Production log analytics in self-hosted, resource-constrained environments requires natural-language access to massive log streams without the cost of routing every query through a large language model. We present LogRouter, an end-to-end log question-answering system deployed on TUBITAK BILGEM's national big data platform that combines a PySpark-based Drain3 ingestion pipeline, GPU-accelerated embeddings, and dual-index storage in Apache Druid and PostgreSQL with pgvector. A two-level cost-aware router dispatches each query along one of four execution paths: direct response, Druid keyword search, template lookup with SQL generation, and pgvector semantic retrieval, while a Level-2 router selects either a 14B-class or 32B-class generator for the semantic path. A dedicated coder LLM handles text-to-SQL generation. We evaluate the system on four LogHub datasets (Linux, Apache, Windows, and Mac; 70 questions in total) under both an online full-pipeline configuration and an offline configuration that isolates the generator. The router reaches 88.4% mean accuracy across datasets and 94.7% on Linux, while the full pipeline attains a mean ROUGE-1 of 0.373, BERTScore of 0.879, RAGAS Faithfulness of 0.779, and an end-to-end latency of 18.6 s. In an apples-to-apples offline comparison, the routed system reduces mean latency by 55% versus a Fixed-32B baseline (46.3 s vs. 102.1 s) while preserving Answer Correctness within 5.8 points and exceeding a Fixed-14B baseline on RAGAS Faithfulness across every dataset. Cost-aware dispatching is therefore a practical mechanism for production log QA: routing recovers most of the quality of an always-32B configuration at less than half the latency, and the L1 keyword vocabulary makes that routing decision with high precision without a learned classifier.

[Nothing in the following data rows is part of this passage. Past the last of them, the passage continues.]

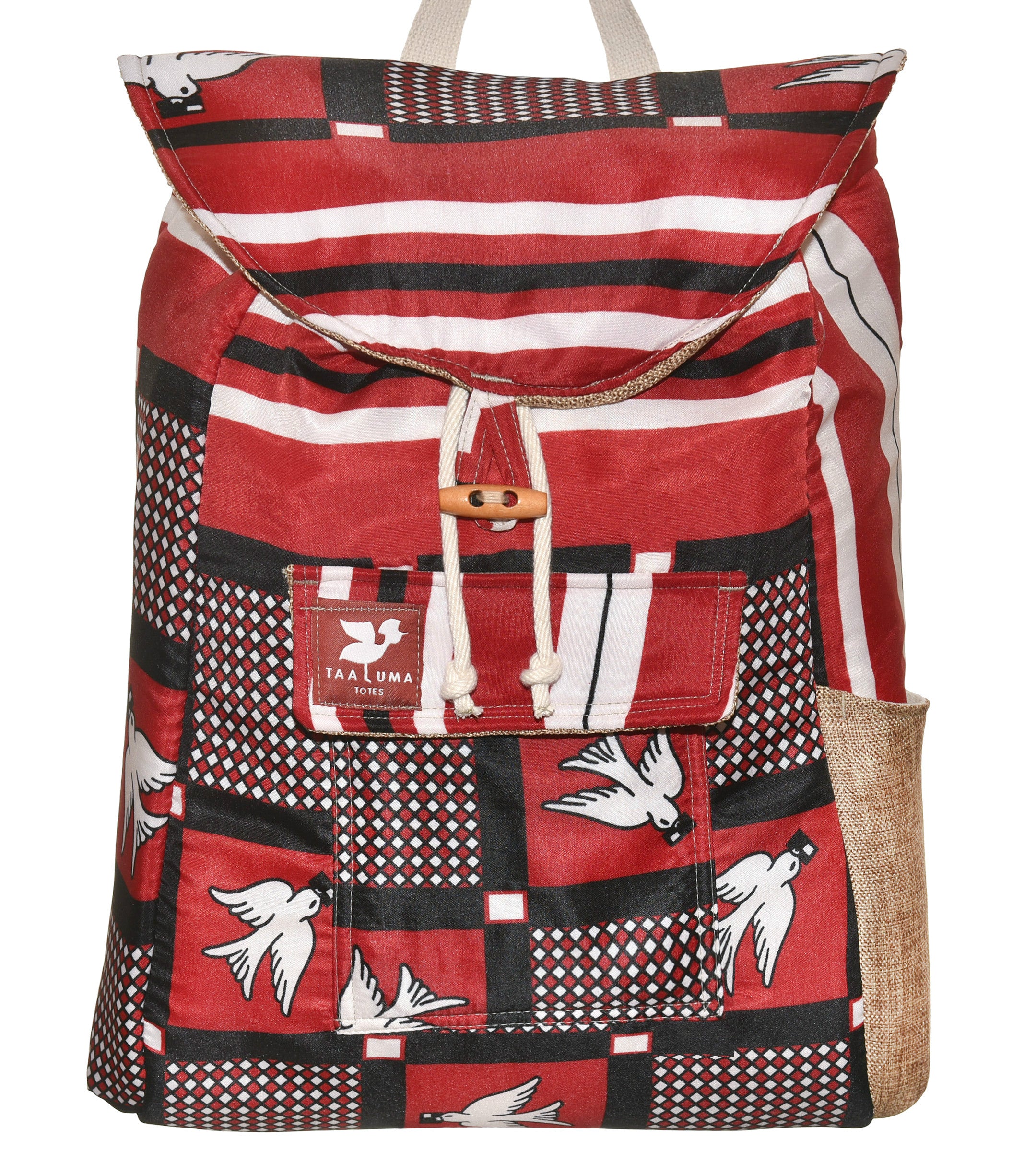 Burkina Faso Tote (by Sheila Bitibale)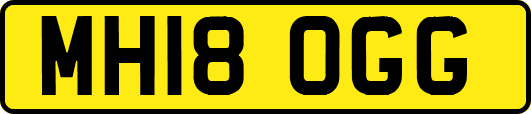 MH18OGG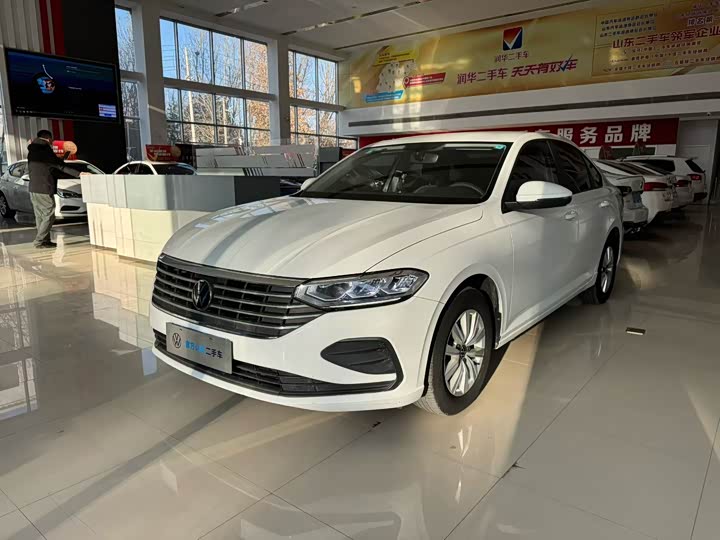 Фото 1 - Volkswagen Lavida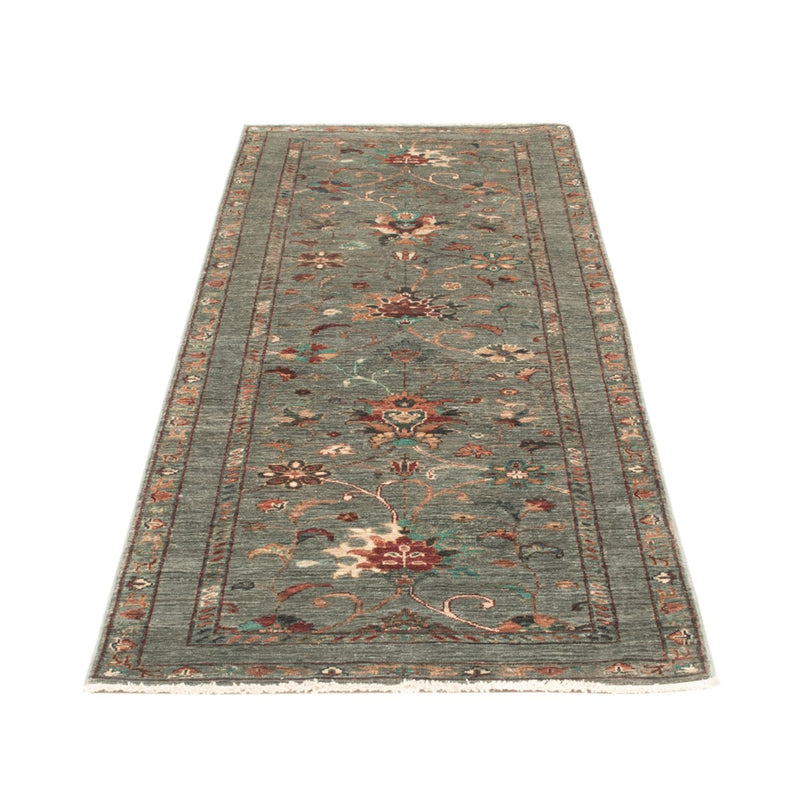 Tapis de couloir Tapis Ziegler - Ariana - 251 x 87 cm - sable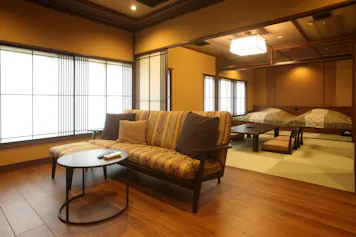 金沢の美食と名湯に大人が寛ぐ全スイート宿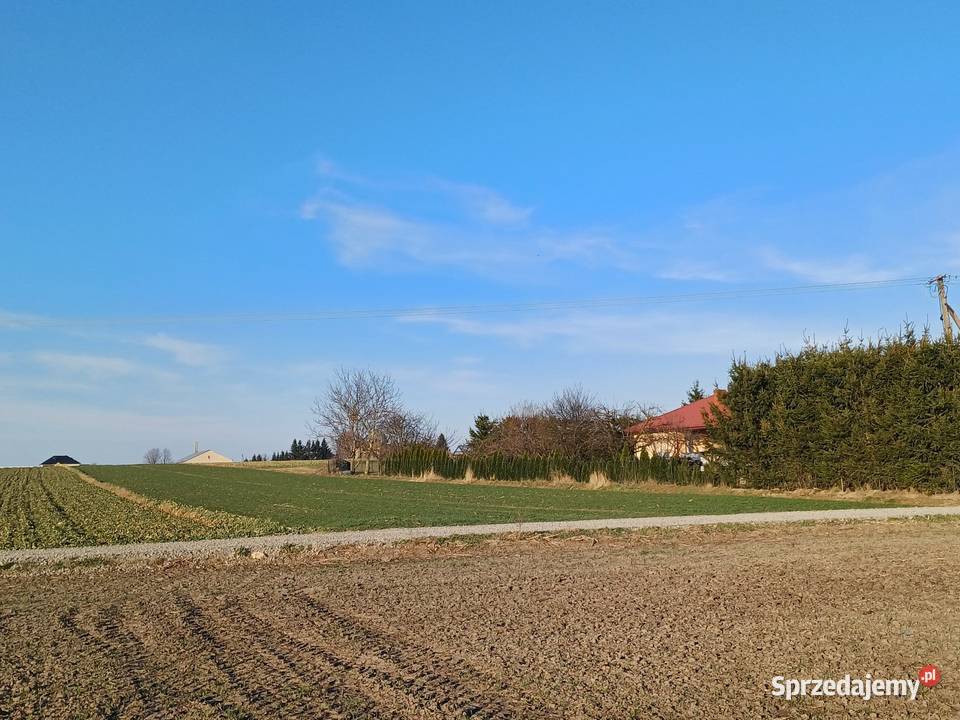 Działka budowlana na sprzedaż Sitaniec-Wolica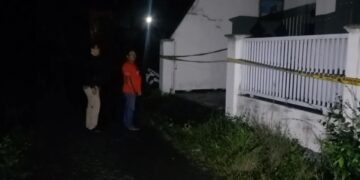 lokasi ledakan elpiji di Jombang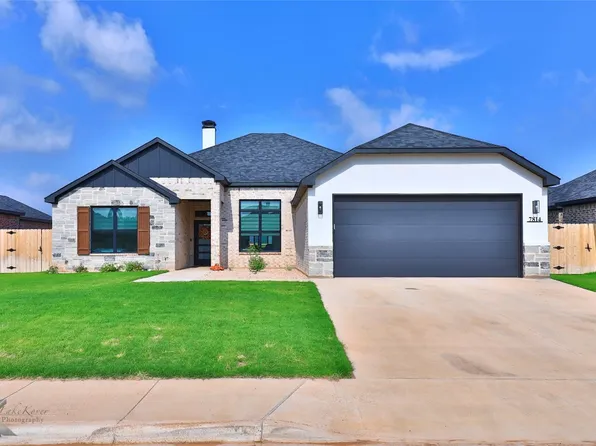 7814 Langford Dr, Abilene, TX 79606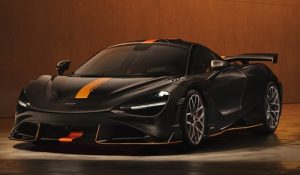 New McLaren 788HS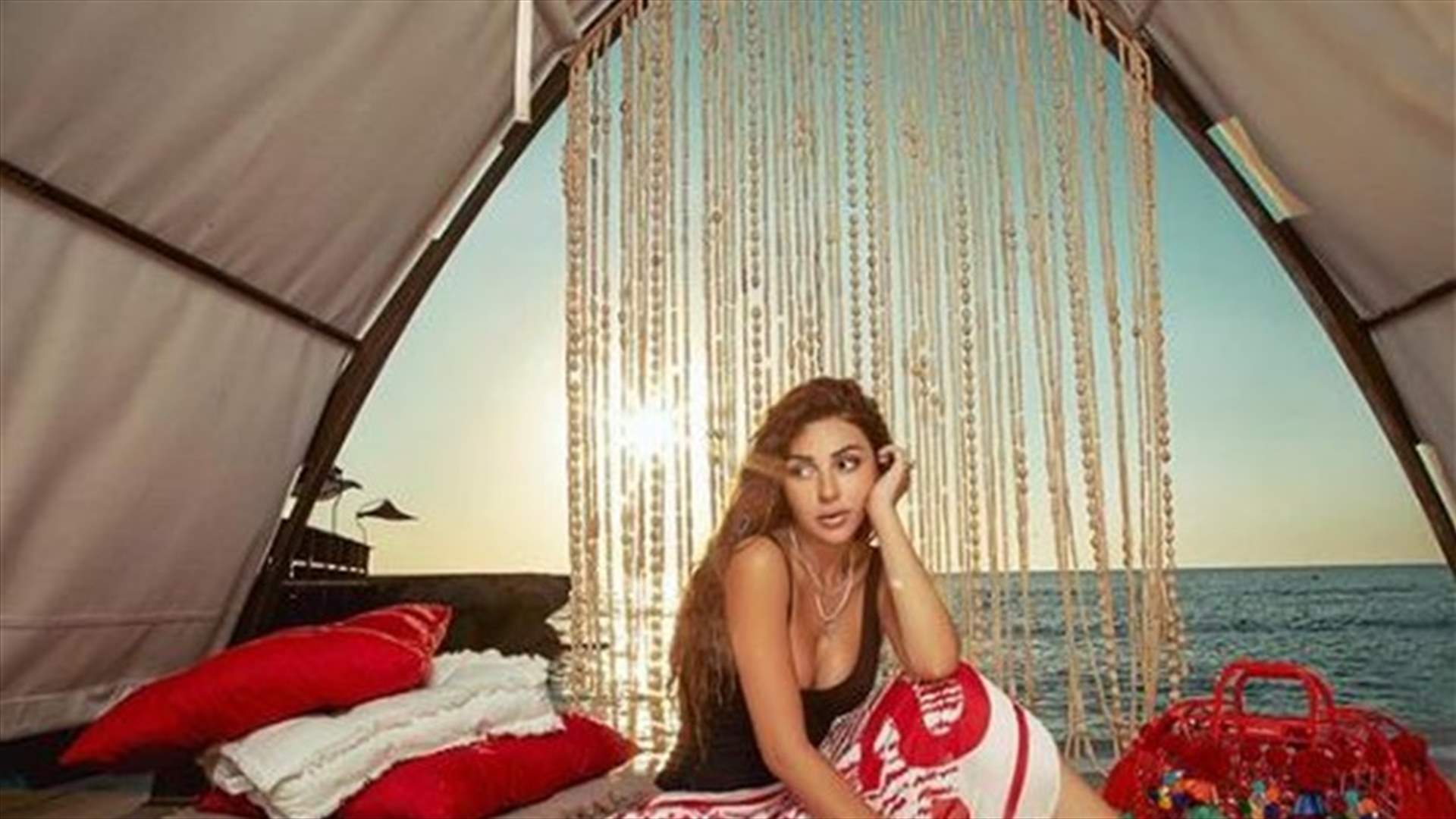 ميريام فارس تحتفل بعيد ميلاد ابنها... والجمهور يعلّق على ظهور زوجها بالفيديو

翻译：在自托管、资源受限环境中，生产级日志分析需要以自然语言访问海量日志流，同时避免将所有查询通过大语言模型处理的成本。我们提出LogRouter——一个部署于TUBITAK BILGEM国家大数据平台上的端到端日志问答系统，该系统融合了基于PySpark的Drain3数据摄取管道、GPU加速嵌入技术，以及基于Apache Druid和PostgreSQL（含pgvector扩展）的双索引存储架构。系统采用双层成本感知路由器，将每个查询分配至四条执行路径之一：直接响应、Druid关键词搜索、基于模板的SQL生成查询、以及pgvector语义检索；其中第二层路由器为语义路径选择14B级或32B级生成模型。专用编码大语言模型负责文本到SQL的转换。我们在四个LogHub数据集（Linux、Apache、Windows及Mac系统，共70个问题）上，分别在全管道在线配置和隔离生成器的离线配置下评估系统性能。路由器的跨数据集平均准确率达88.4%，在Linux数据集上达94.7%；全文管道取得平均ROUGE-1分数0.373、BERTScore 0.879、RAGAS忠实度0.779，端到端延迟为18.6秒。在同条件下离线对比中，路由系统相比固定32B基线将平均延迟降低55%（46.3秒对102.1秒），同时将答案正确性保持在5.8个百分点的范围内，并在每个数据集上超越固定14B基线的RAGAS忠实度指标。因此，成本感知路由是生产级日志QA的实用机制：路由机制以不到一半的延迟恢复常驻32B配置的大部分质量，且第一层关键词词汇表无需学习分类器即可高精度做出路由决策。